Deciding whether to use for or one of the apply family is really personal preference. Using an apply family function forces to you encapsulate your operations as a function rather than separate calls with for. for loops are often more natural in some circumstances; for several related operations, a for loop will avoid you having to pass in a lot of extra arguments to your function.

Loops in R Are Slow

No, they are not! If you follow some golden rules:

  1. Don’t use a loop when a vectorized alternative exists
  2. Don’t grow objects (via c, cbind, etc) during the loop - R has to create a new object and copy across the information just to add a new element or row/column
  3. Allocate an object to hold the results and fill it in during the loop

As an example, we’ll create a new version of analyze that will return the mean inflammation per day (column) of each file.

analyze2 <- function(filenames) { for (f in seq_along(filenames)) { fdata <- read.csv(filenames[f], header = FALSE) res <- apply(fdata, 2, mean) if (f == 1) { out <- res } else { # The loop is slowed by this call to cbind that grows the object out <- cbind(out, res) } } return(out) } system.time(avg2 <- analyze2(filenames))

user system elapsed 0.027 0.000 0.026

Note how we add a new column to out at each iteration? This is a cardinal sin of writing a for loop in R.

Instead, we can create an empty matrix with the right dimensions (rows/columns) to hold the results. Then we loop over the files but this time we fill in the fth column of our results matrix out. This time there is no copying/growing for R to deal with.

analyze3 <- function(filenames) { out <- matrix(ncol = length(filenames), nrow = 40) # assuming 40 here from files for (f in seq_along(filenames)) { fdata <- read.csv(filenames[f], header = FALSE) out[, f] <- apply(fdata, 2, mean) } return(out) } system.time(avg3 <- analyze3(filenames))

user system elapsed 0.024 0.000 0.024

In this simple example there is little difference in the compute time of analyze2 and analyze3. This is because we are only iterating over 12 files and hence we only incur 12 copy/grow operations. If we were doing this over more files or the data objects we were growing were larger, the penalty for copying/growing would be much larger.

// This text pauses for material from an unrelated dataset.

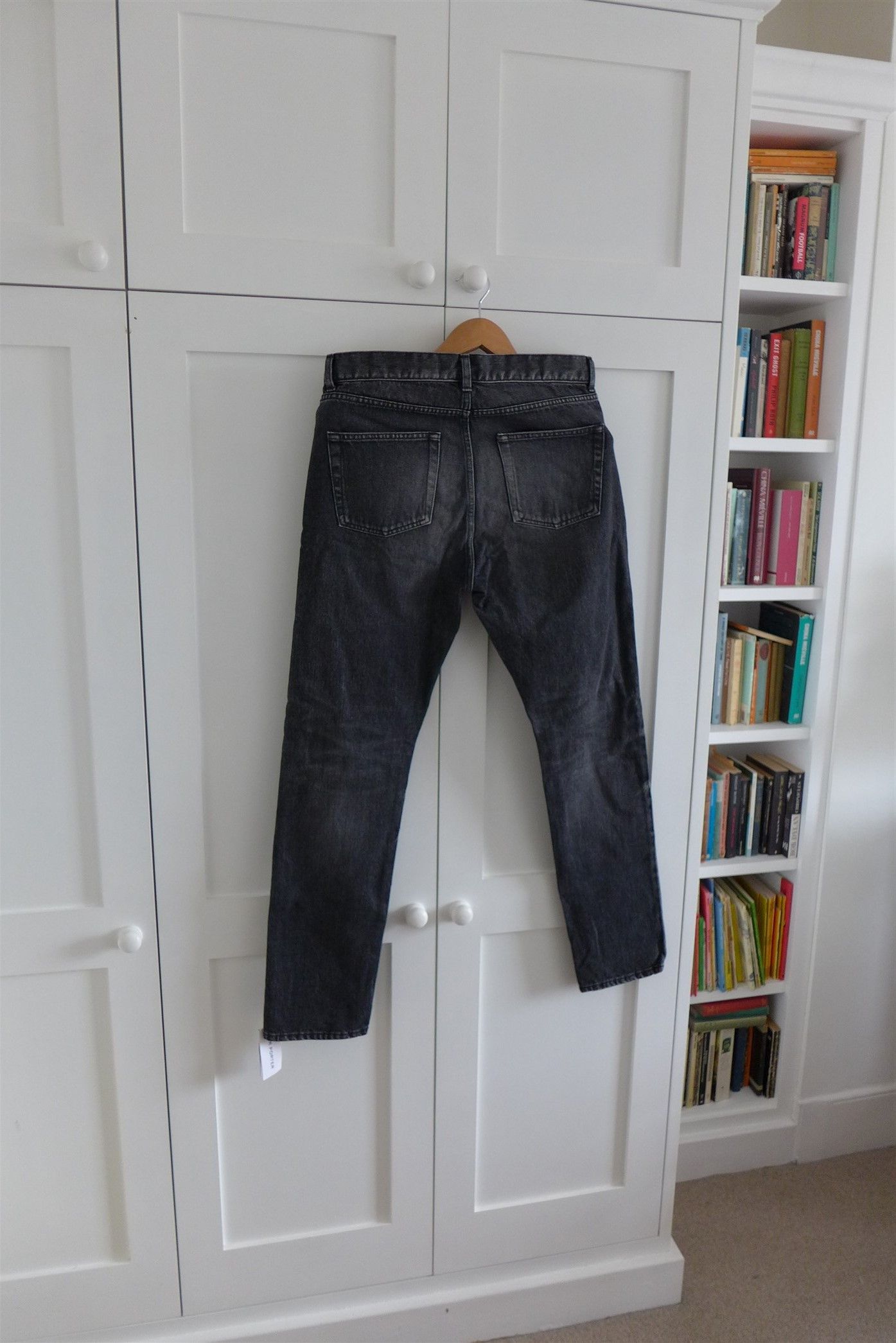 Saint Laurent Paris Saint Laurent D20 Denim Jeans -- Washed Black Size US 31 - 3 Thumbnail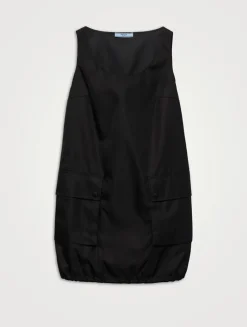Sleeveless Re-nylon Dress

Note that apply handles these memory allocation issues for you, but then you have to write the loop part as a function to pass to apply. At its heart, apply is just a for loop with extra convenience.

  • Where possible, use vectorized operations instead of for loops to make code faster and more concise.

  • Use functions such as apply instead of for loops to operate on the values in a data structure.